On the way back to the hotel it occurred to me that I had just paid for 9 pizzas and only had 7. Moreover, I lamented that I had to tip $30 to get pushed up in the queue. It also began to sink in that 7 pizzas are not enough for 13 teenagers, let alone 30. And so, I became angry, frustrated, tired, and crabby. It was at that moment that a homeless woman on the street asked if I could spare a slice. My first thought was yes. However my second and third thoughts were you don’t have enough, keep walking. By the time I reached the end of the block it occurred to me that I missed an opportunity. As the guilt sank in, I began to realize that I had bought into the lie that I didn’t have enough. I was so consumed by the mission I was on that I missed the ministry moment right in front of me.

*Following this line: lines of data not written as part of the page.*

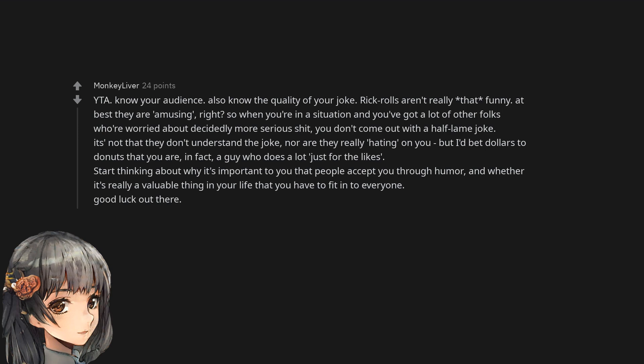It's not that they don't understand the joke, nor are they really hating on you, but I'd bet dollars to donuts that you are in fact a guy who does a lot just for the likes.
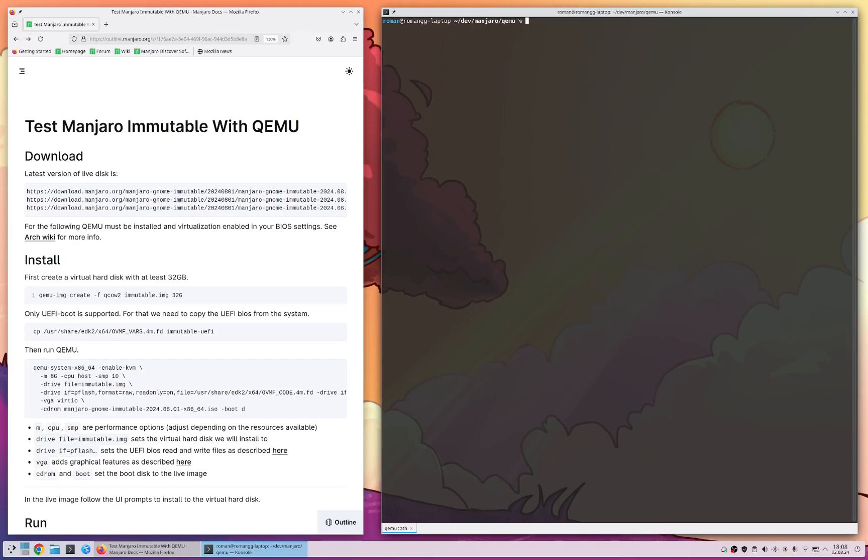Hi, my name is Roman from the Manjaro project and today I want to show you how easy it is to test the new Manjaro Immutable version with QEMU.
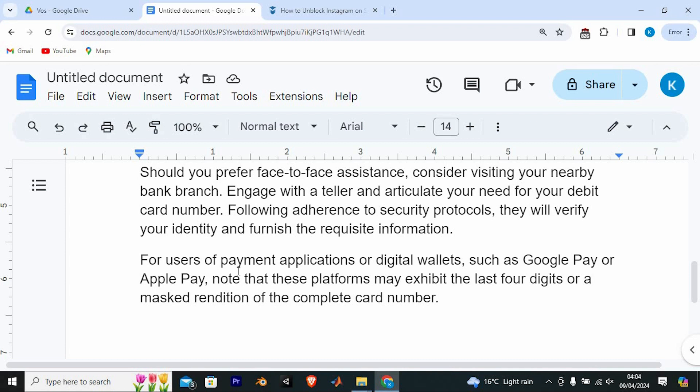For users of payment applications or digital wallets, such as Google Pay or Apple Pay, note that these platforms may exhibit the last four digits or a masked rendition of the complete card number.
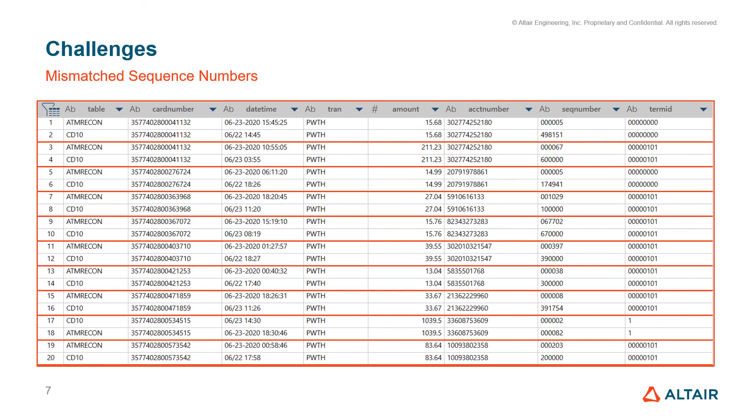The final challenge is the biggest. What was referred to on a previous slide as ambiguously matched data is, in this particular example, mismatched sequence numbers. Looking at this table, you will see a number of paired transactions which should be reconciled. There is one from each report. The card number is the same. The transaction type is the same. The amount is the same. The account number is the same. But the sequence number does not match.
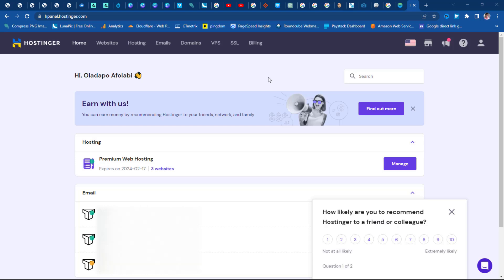Hey guys, Taps here, welcome to my YouTube channel. I'm super excited to share another video with you today. This video is for folks who have a backup of their website files and they want to upload it to a new hosting account, or perhaps you bought a website on a flipping website like Flippa. If by any means you have your website files and you want to turn it into a live website, then this video is for you.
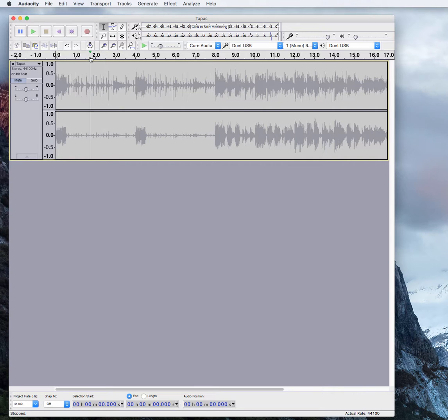There are a couple ways you can start the recording. You can either press the big red button here, or as a shortcut on your keyboard, just press R. So let's roll tape.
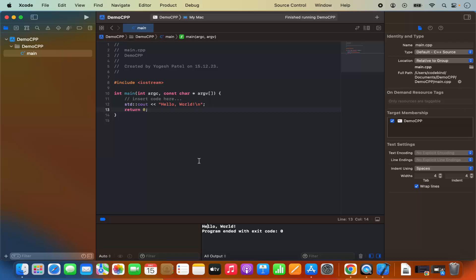So that's it for this video. This is how you can install Xcode on your Mac operating system and create a project on Xcode. I hope you've enjoyed this video and I will see you in the next video.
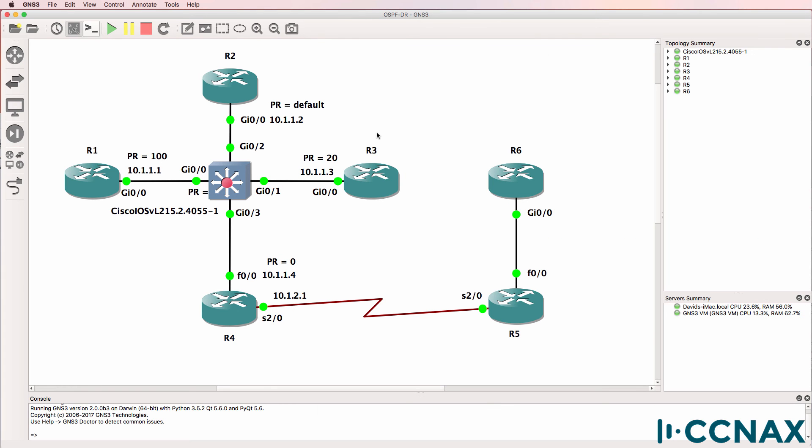So the first criteria for determining who the designated router is on a segment is priority. Highest priority wins. Default priority is 1. When the priority is set to 0, the router will not become a designated router or a backup designated router.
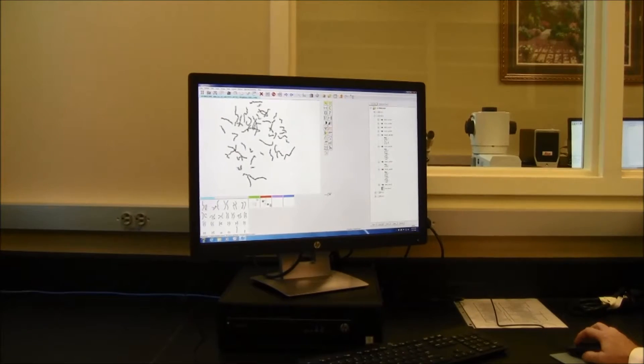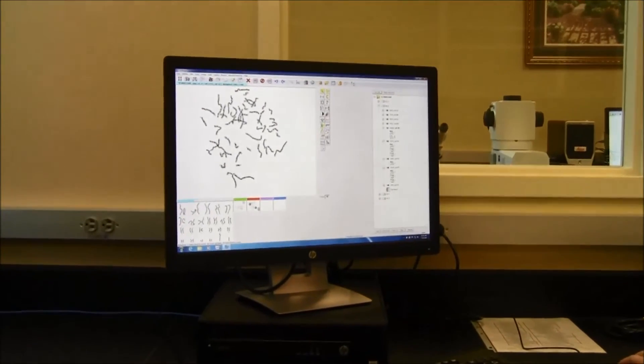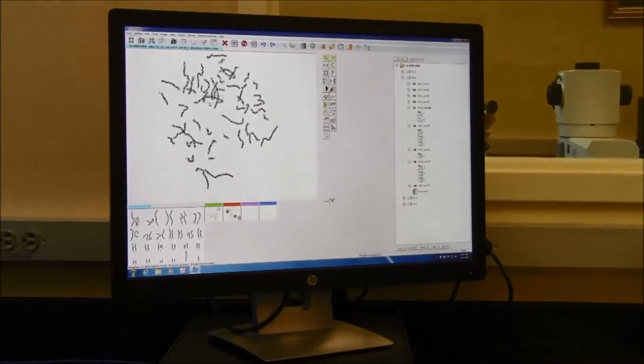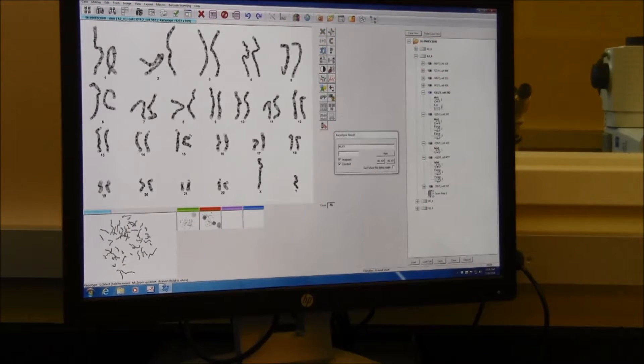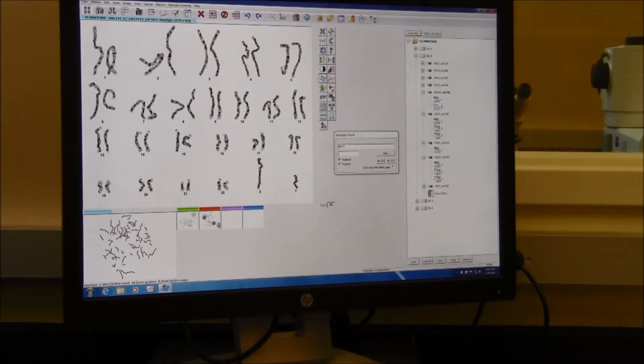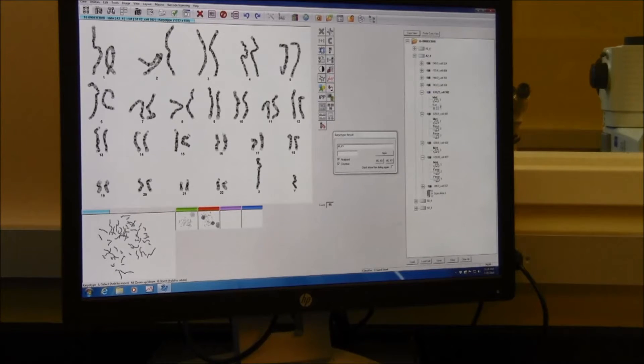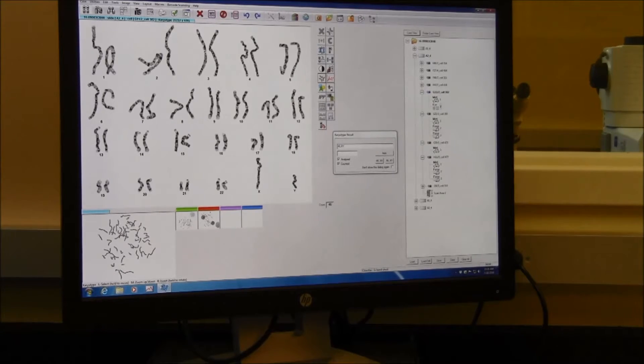Here is a picture of a metaphase from our patient. The program allows us to clip these apart and arrange them on a karyotyping board that allows us to put them side by side and check for any kind of structural or numerical abnormalities that the patient may have. Once the analysis is completed, a report is generated and signed out by the director of the cytogenetics laboratory. These results are then sent to the ordering physician who will use this information as part of the patient's health care management.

Because I was tired, cranky and frustrated, a woman who could have eaten made her bed on a street bench hungry.
What killed me about this encounter was that earlier that night a speaker at the gathering spoke on how the fact that we have hungry people in this world is a choice (not one hungry people make, one we all make). It is not the result of scarcity or a food shortage. It comes down to access and waste. Her point was that there is more than enough; we just don’t share. And here I was living proof that she was right.
When I delivered the pizza to the kids I told them the story of the hungry woman I failed to help and I told them this: faith is hard and living faithfully is difficult. Not only are we up against the forces of sin, death and the devil, but also there are much quieter influences that derail our best intentions. We believe silly little lies about not having enough. We get so caught up in our mission that we sometimes fail to minister. Tunnel vision keeps us from seeing the big picture. Tribalism keeps us from seeing each other. It isn’t always the hardest days of our life that quell our faith (in fact, that might be when we’re at our best). Often times it is the ordinary days, ordinary moments, ordinary times that stifle our faithfulness.

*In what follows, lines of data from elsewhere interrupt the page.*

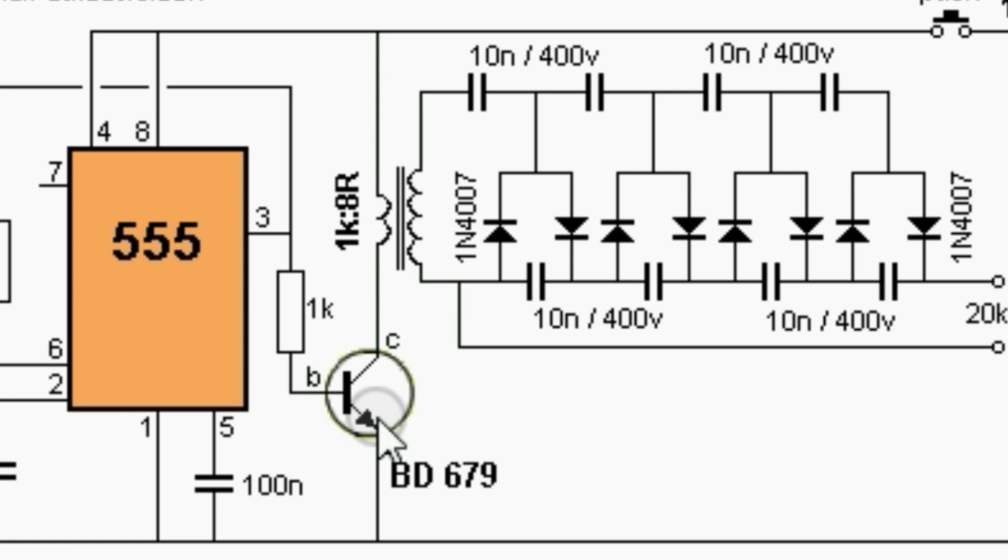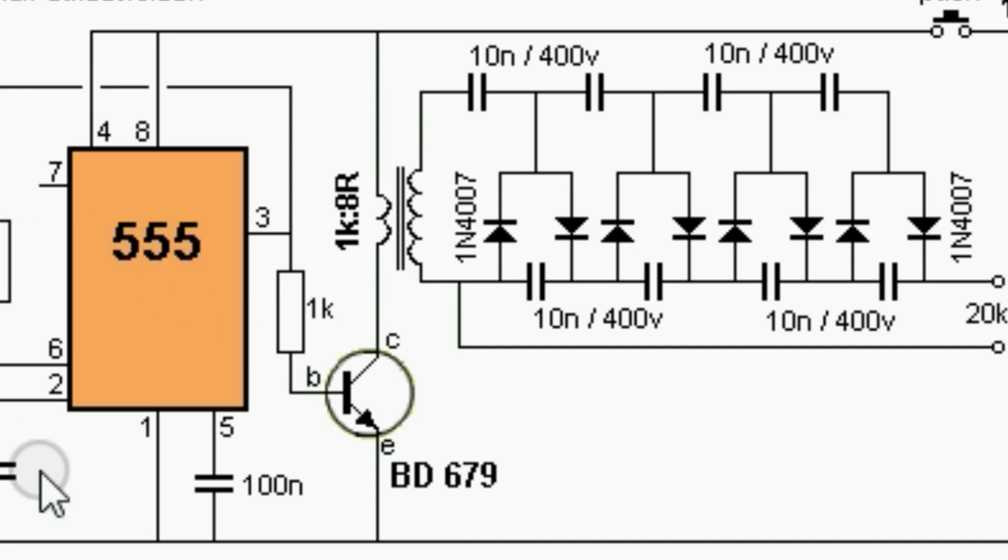The 555 timer is configured as a stable multivibrator. We use the parameter set as shown here. The oscillation frequency is about 2.7 kHz.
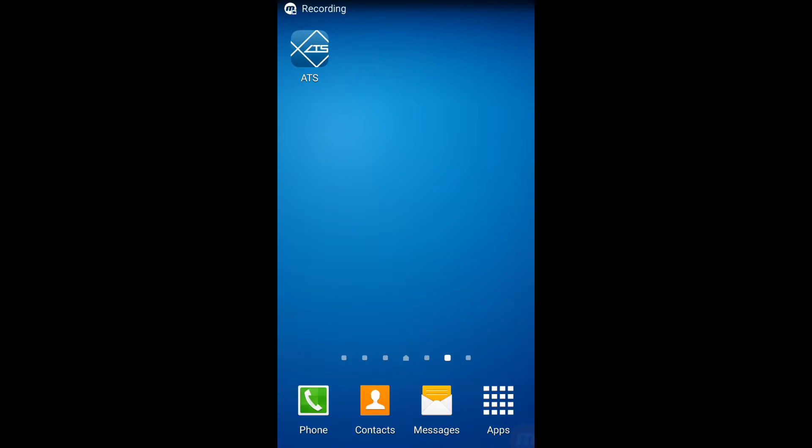Once your device has been activated, it can be used. To do this, launch the application by tapping the ATS icon.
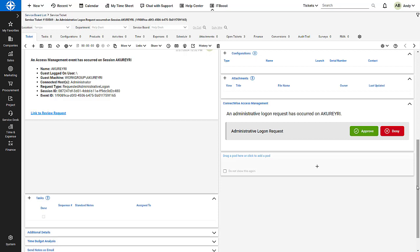In this video, I will set up the ConnectWise PSA and ConnectWise Access Management integration. This integration automatically creates PSA tickets for administrative logon or elevation requests. Techs can respond to those requests directly from the PSA ticket.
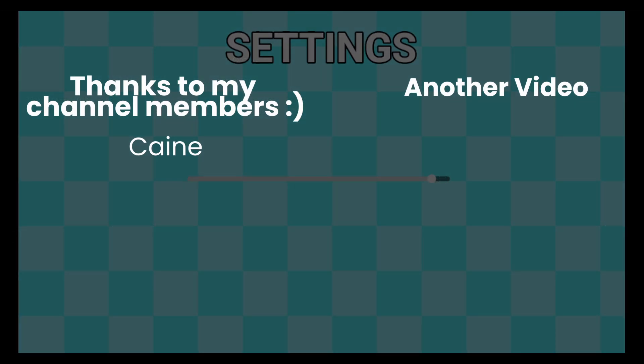If you want to support more videos like this, consider becoming a channel member. Also check out this next video on screen.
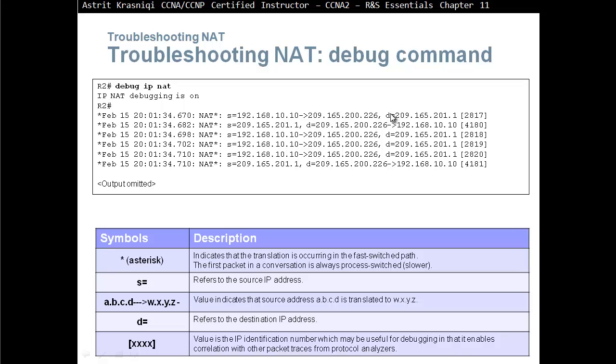Then we have D, the destination IP address refers to the destination IP address. Then we have the identification number, this value is the IP identification number, might be useful for debugging in that it enables correlation with other packet traces from protocol analyzer.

In the gospel of Luke Jesus himself realizes how tricky ministry in the midst of the ordinary is. Jesus is in his hometown and he’s preaching and teaching. The folks in the room take offense at this unfamiliar message coming from such a familiar face. And he is essentially run out of town. This resistance becomes for Christ a teaching point for his disciples. After this encounter Jesus sends them out into the world with a commission and a command, but also a word of warning. Jesus instructs them that they will run into resistance. Ministry in the midst of the ordinary will be challenging and there will be times of rejection and hardship.
The Spirit of the Lord is upon you today. God is speaking to you. God is exhorting you to a life of faithfulness, sacrifice and service. Today might be a good day, it might be a bad day, or it might be an ordinary day. No matter what happened yesterday, because of God’s grace, love, hope, and promise, on this day you have the opportunity to be light and love in a broken world. So, go buy someone pizza.